Oxford Nanopore's DNA sequencing technology, which has been crucial in tracking Covid-19 variants around the world, has made a spectacular stock market debut in London. The firm is now valued at nearly 5bn after a 47% increase in its share price.
Gordon Sanghera (the Oxford University spin-out founder) has a fortune of 63 million paper.
Sanghera has not yet sold any of his 10.3m shares. However, Spike Willcocks (the co-founder of the firm and chief business development officer), sold 368,000 shares at 1.56m in the initial public offering. After the value increase, he now has 4.9m shares. This is nearly 30 million. Clive Brown, chief technology officer, sold 191,066 shares to 812,000, but still has 1.7m worth 10m.
The shares closed at 612.6p and the company had a value of $4.9bn. This is the largest biotech listing in London since Circassia, an allergy specialist, was listed in 2014.
Nanopore shares were priced at 425p during the IPO. This was towards the top end of the target range. The firm was valued at 3.4 billion at the beginning of trading.
Nanopore offers a variety of DNA and RNA sequencers, from handheld sequencers to fully automated desktop machines that can sequence the entire genome in under two hours. Nanopore's technology was used to track the spread of Zika and Ebola in recent years. It also helped identify Covid-19 variants within the last year in 100 countries. Sanghera says that the company's vision is to allow anyone to analyze any living thing.
With funding from IP Group in 2005, the business was founded by three scientists who met at Oxford, Sanghera Willcocks, Hagan Bayley and Willcocks. The university's professor of chemical biology, Hagan Bayley also helped to fund the business. As he is no more on the board, it is not clear what Bayley's shares are and whether he has sold any shares.
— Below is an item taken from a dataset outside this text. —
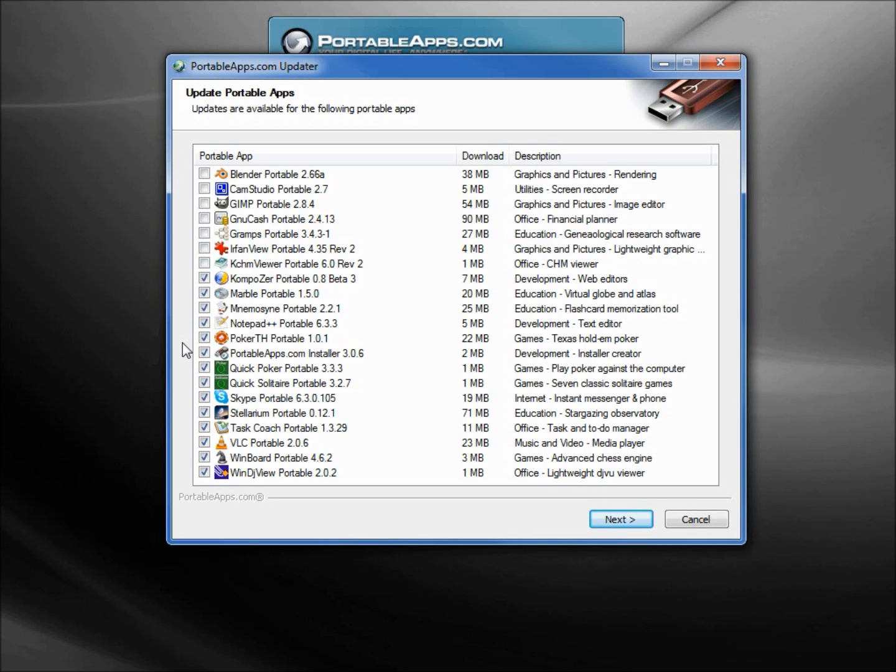Or if I don't want to update any of these, I can just cancel out and skip the update for now. But I'll probably want to come back and update this later. Since I've got so many, I would probably have them all selected, click Next right before I go to bed, and let all these updates take place while I'm sleeping.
Sanghera stated that today is a proud day for the entire Oxford Nanopore Team, but that we believe we are just at the beginning of an exciting and long journey. We are at the forefront of the genomic era.
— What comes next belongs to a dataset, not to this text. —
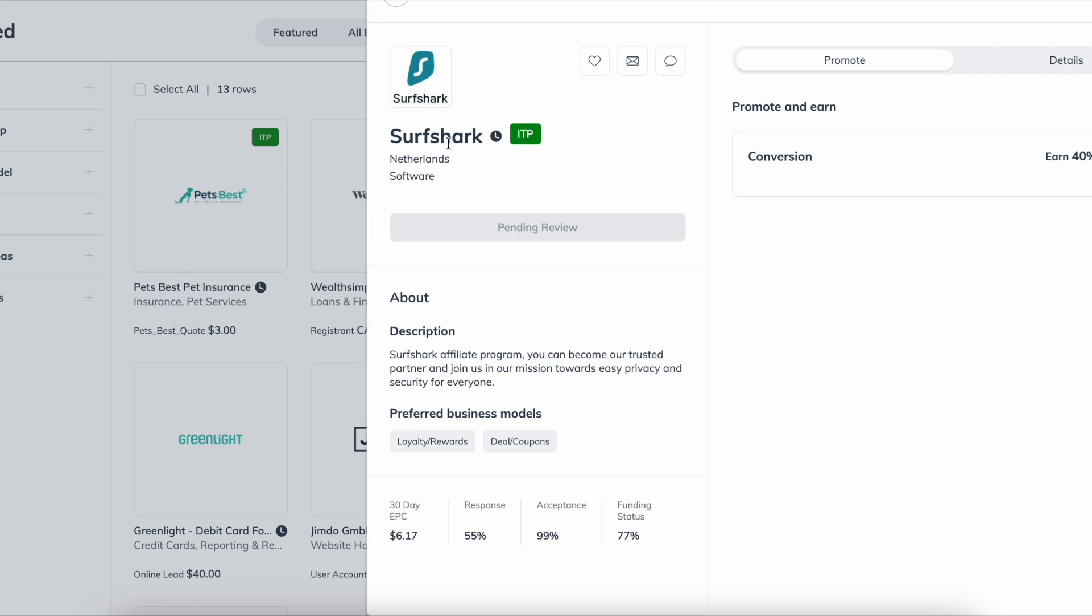So it's still pending review. So what you can do is you can actually reach out to these companies directly and just give them a little nudge like 'hey, I applied to your program, can you just manually accept it?' So you can do that by clicking this email button right here.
Markets.com analyst Neil Wilson said that the company had hit a sweet spot because it makes devices to sequence Covid variations. It is in a sector which will continue to grow and attract more investment.
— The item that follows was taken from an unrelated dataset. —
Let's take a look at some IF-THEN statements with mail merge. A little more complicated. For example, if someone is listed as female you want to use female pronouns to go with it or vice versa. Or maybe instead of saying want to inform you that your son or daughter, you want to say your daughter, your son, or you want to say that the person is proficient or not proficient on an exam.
Nanopore raised 350m by issuing 82.4 million shares and 524m shares. Existing shareholders also sold 41m shares.
Other London technology stock market debuts have been mixed. The cybersecurity company Darktrace saw its shares triple in value in April, while Deliveroo's much-hyped IPO fell flat.
Nanopore plans to tap into the global genomic sequencing market which is estimated to be worth $5.7 billion. Nanopore's sequencing technology is currently used mainly by universities and laboratories that conduct scientific research. However, it sees great potential for areas like infectious disease, immune profiling, and cancer diagnostics.
Under contracts worth 144m, it has also provided Covid-19 testing to the UK government. Its revenues increased more than twice to 114m in 2013. The company plans to cut its losses and make ends meet within five years.
Sanghera has been granted a restricted anti-takeover share by the company, which was approved by shareholders. This would allow him to veto hostile takeovers.